Tuesday, October 10, 2017

When did gay marriage become legal?

The first gay wedding in America took place in 1969 at the Metropolitan Community Church in Huntington Beach, CA. Nobody went to jail because of it, so I take it that means that gay marriage was legal in 1969. 46 years before Obergfell.

Some Christians may not be too pleased about this, but it looks as if Christians invented gay marriage.


William said...


18983b41-18c7-405b-8f69-de06d0954c77 said...

Mr. Green said…
The first gay wedding took place in 4004 B.C. (at least by Bishop Ussher's count) — at any rate, postlapsarian weddings still tend to involve much gaiety and merry-making, so I'm sure Adam and Eve's did, whenever it actually took place.

On an unrelated note, the first homosexual wedding …is lost in the mists of time, since homosexuals (insofar as we can apply that modern term to ancient eras) having been getting married for a long time.

On an also unrelated note, the first same-sex wedding took place in the year Never. (Coincidentally, that was the same year the circle was squared by that married bachelor! In fact, it might have been his wedding, I'm not sure.)

P.S. Don't plenty of not-legal things happen without anyone's going to jail?

Victor Reppert said...

If church and state are separated, they could be married in the eyes of the church but not the state. Just as, now that gay marriage is legal in all 50 states, churches can, and many do, fail to recognize such marriages as legitimate from the standpoint of the church.

Historically, most people have had a strong vested interest in successful reproduction, both individually (to take care of them when they are old, to defend the nation against attack, to work in the fields, etc.) Reproductive failure, in ancient times, and even since ancient times, is considered an embarrassing failure.

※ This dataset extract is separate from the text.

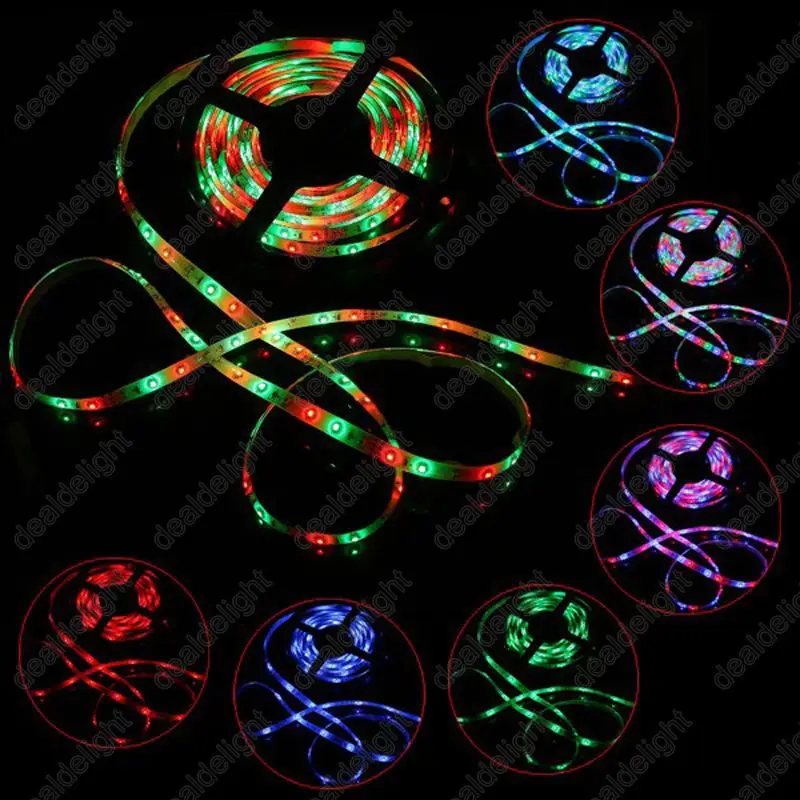 30 шт. 5 DC12V 3528 SMD 60Led/m 300 светодиодов IP65 водонепроницаемая RGB гибкая светодиодная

So marriage was considered necessary to produce children and to insure that the paternity of those children was known. The question of sexual morality in New Testament times was whether, over and above your marriage, you could rightfully engage in some sexual fun and games, either with prostitutes, or with other unmarried women, or with men (usually boys, actually). Many in the ancient world thought you could, but Christianity's answer to that was a resounding NO. People didn't see homosexuality as a sexual orientation, they saw it as a possible activity you might engage in if you were so inclined, over and above your marriage. The idea that your sexual orientation, meaning which gender is the one to whom you are most naturally attracted, should determine your marriage partner would have been considered by the ancients to be a weird idea. Societies were stratified at this time, and sexual fun and games with people other than your spouse was often the privilege of the rich and powerful. When you're rich and important, they let you do it. We differ from the ancient world in that we choose our own mates, and many now think that if our attraction is to the same sex, then this can be our marriage. This is because of the loss of emphasis on reproductive success. We don't fear replacement failure, we fear the population bomb.